▶ [EXERCISE OBJECTIVE] What is needed is an exact reproduction of the listing, without its pictures.

▶ [SOURCE MATERIAL]
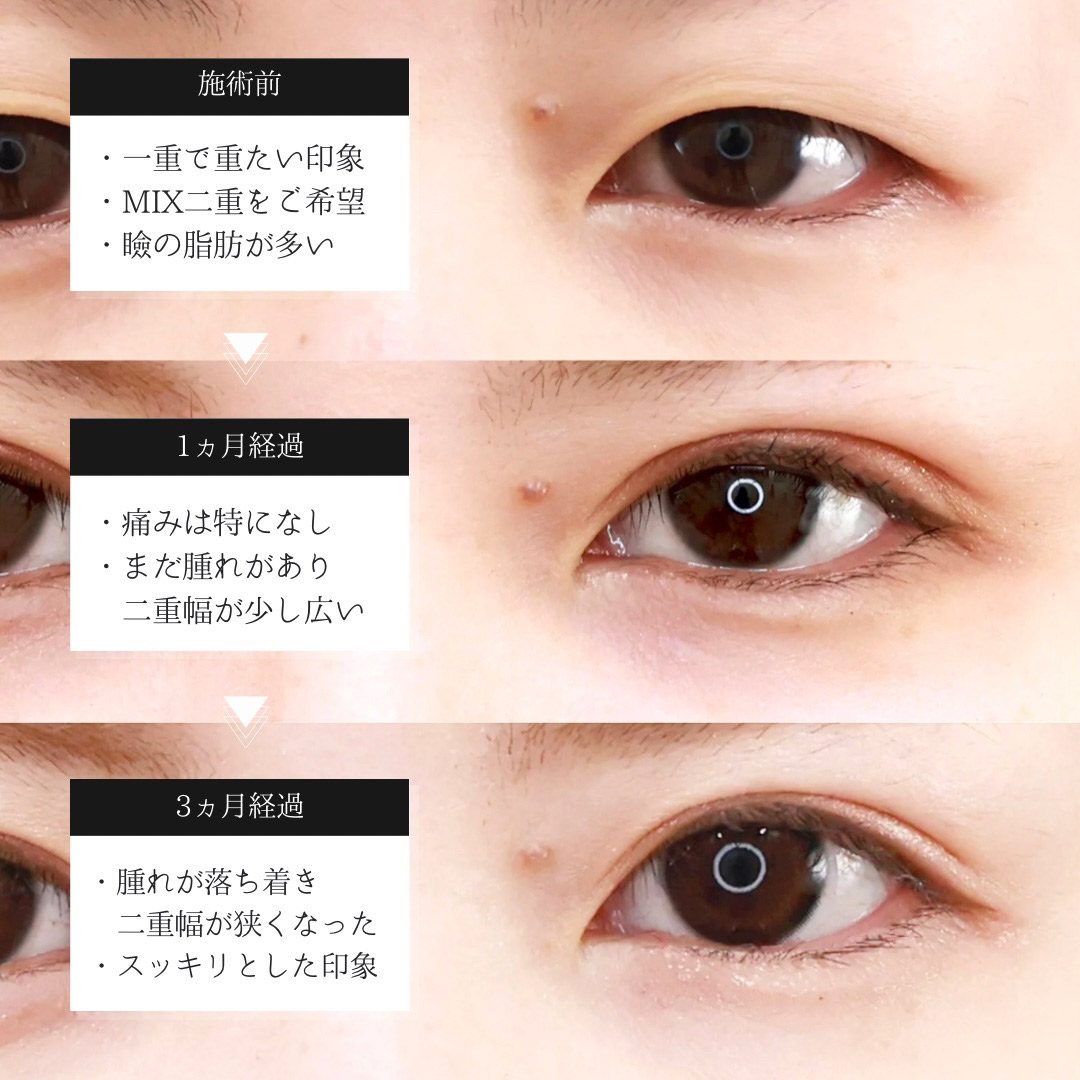 二重切開（全切開法）の症例写真 施術前後 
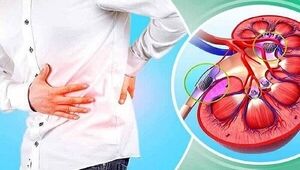 این نوشیدنی را برای فرار از سنگ کلیه نخورید! | ماءالشعیر دشمن سنگ کلیه است یا دوست آن؟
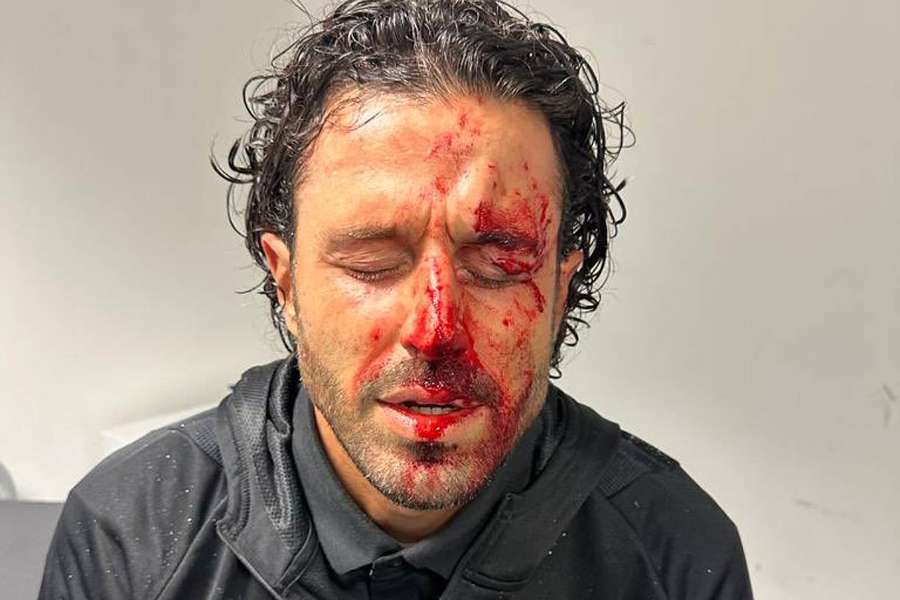 Fabio Grosso blev offer for brutale hændelser søndag.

▶ [PROBLEM SOLUTION]
 二重切開（全切開法）の症例写真 施術前後 
 این نوشیدنی را برای فرار از سنگ کلیه نخورید! | ماءالشعیر دشمن سنگ کلیه است یا دوست آن؟
 Fabio Grosso blev offer for brutale hændelser søndag.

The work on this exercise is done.